= Electronic sell-through =

System of selling video over the Internet

Electronic sell-through (EST) is a method of media distribution whereby consumers pay a one-time fee to download a media file for storage on a hard drive. Although EST is often described as a transaction that grants content "ownership" to the consumer, the content may become unusable after a certain period and may not be viewable using competing platforms. EST is used by a wide array of digital media products, including movies, television, music, games, and mobile applications. The term is sometimes used interchangeably with download to own (DTO).

==Film and television==

The film and television industry's $18.8 billion home entertainment market consists of rental and sell-through segments, the latter of which includes the electronic sell-through of digital content. In 2010, EST generated $683 million of total home entertainment revenues, putting it behind the more lucrative revenue streams of cable video-on-demand (VOD) and internet video-on-demand (iVOD), which brought in a combined $1.8 billion in the same period.

In 2010, Apple's iTunes Store accounted for three quarters of the U.S. EST business. The rest of the EST market was captured by Microsoft (via its Zune Video platform), Sony, Amazon VOD (now Amazon Video), and Walmart (via its VUDU service).

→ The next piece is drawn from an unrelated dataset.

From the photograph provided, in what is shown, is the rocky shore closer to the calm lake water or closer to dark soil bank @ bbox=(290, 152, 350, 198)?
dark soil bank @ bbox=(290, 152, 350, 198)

A number of industry trends indicate the future expansion of EST's share of digital distribution revenues. David Bishop, worldwide president of Sony Pictures Home Entertainment, describes the following outlook:

"With the launch of UltraViolet (the cloud-based digital copy locker system) establishing a common digital distribution platform later this year, prices potentially coming down on digital sales, more marketing devoted to digital sellthrough, and studios adding more value to the sellthrough product by making HD available and building in smarter extra features, we see the balance tilting even more toward owning and collecting digital movies."